The stock-swap transaction is valued at about $133 million, based on the $29 price at which Comerica's shares closed on Wednesday. That would translate to a purchase price equal to about 1.58 times Pacific Western's book value.

Analysts said Comerica's offer was high in view of Pacific Western's weak earnings and extensive asset quality problems, which reflect a downturn in California commercial real estate. Pacific Western's stock closed Thursday at $9.375 a share, down $1.25, following a runup in trading last week on rumors of a deal. Comerica fell 62.5 cents to $28 a share.

Move to Consumer Banking

For Comerica, which has $27 billion of assets and subsidiaries in California, Texas, Florida, Illinois, and Michigan, the acquisition represents a shift toward consumer banking in the Golden State.

Until now, Comerica has accumulated almost $1 billion of assets in California by buying business-oriented banks in the San Jose and Los Angeles areas.

Pacific Western, which is based in San Jose and has $1 billion of assets, holds an extensive commercial loan portfolio, but also operates a 23-branch retail banking network. It boasts a strong market share in a three-county region from San Jose south to Monterey.

The purchase will make Comerica "a full-service bank in California," said W. Todd Isom, an analyst with Duff & Phelps, the Chicago-based rating firm.

Yearlong Search for Suitor

Comerica ultimately would like to build a niche commercial and consumer banking franchise with as much as $5 billion of assets in California, said J. Michael Fulton, president and chief executive of Comerica Bank California.

From Pacific Western's view-point, the agreement climaxes a yearlong effort by its chairman and chief executive, Phillip R. Boyce, to find a buyer. Mr. Boyce founded the bank company 18 years ago, and has built it into northern California's second-largest independent bank.

Since disclosing last year that he had hired Morgan Stanley & Co. as his investment banker, Mr. Boyce has held merger talks with French-owned Bank of the West and Los Angeles-based First Interstate Bancorp, in addition to the Detroit bank, industry sources said.

Mr. Boyce was not negotiating from a position of strength. Pacific Western's nonperforming assets equalled 5.93% of total assets at the end of June, while its loan-loss reserves stood at a relatively weak 30% of nonperformers. If the reserve were boosted to the industry average coverage ratio of 70%, Comerica's effective purchase price would be about 1.9 times book value.

Three years ago, before its current slump, Pacific Western turned down an offer from the now-defunct Security Pacific Corp. for about 2.3 times its book value.
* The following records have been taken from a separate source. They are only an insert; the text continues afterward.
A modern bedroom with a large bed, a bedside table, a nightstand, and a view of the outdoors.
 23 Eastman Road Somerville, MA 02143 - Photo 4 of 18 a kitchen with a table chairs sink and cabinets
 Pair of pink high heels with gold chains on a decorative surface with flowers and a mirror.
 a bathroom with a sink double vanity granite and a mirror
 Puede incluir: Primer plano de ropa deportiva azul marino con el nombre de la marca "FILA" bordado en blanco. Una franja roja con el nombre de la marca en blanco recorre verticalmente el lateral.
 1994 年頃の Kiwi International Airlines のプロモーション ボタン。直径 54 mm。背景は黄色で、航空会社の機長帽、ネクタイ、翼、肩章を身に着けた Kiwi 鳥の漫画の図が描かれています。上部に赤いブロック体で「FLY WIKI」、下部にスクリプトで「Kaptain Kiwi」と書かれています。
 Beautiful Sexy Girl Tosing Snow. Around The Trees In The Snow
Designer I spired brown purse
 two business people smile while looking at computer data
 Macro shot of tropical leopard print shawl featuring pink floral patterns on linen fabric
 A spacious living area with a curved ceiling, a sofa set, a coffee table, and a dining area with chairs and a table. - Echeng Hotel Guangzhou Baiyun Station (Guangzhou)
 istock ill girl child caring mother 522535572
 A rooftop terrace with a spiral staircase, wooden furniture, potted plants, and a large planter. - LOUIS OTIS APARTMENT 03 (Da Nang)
"It's unfortunate that Pacific Western shareholders will be leaving 10 to 12 cents per share on the table because management misjudged the market," said Calvin E. Wong, a principal of Alpha Capital Co., whose firm sold off a large stake in the San Jose bank over the last few years.

Downplays Payout Package

Mr. Boyce, who has been controversial in recent years because of his multimillion-dollar compensation packages will remain as a director and adviser to Comerica Bank California.

Sources familiar with the merger agreement said he stands to receive as much as $10 million in stock options, severance benefits, and other payouts as a result of the merger.

But in an interview, Mr. Boyce said his personal stake, not counting the value of his stock holdings, "would be less than half" that $10 million estimate.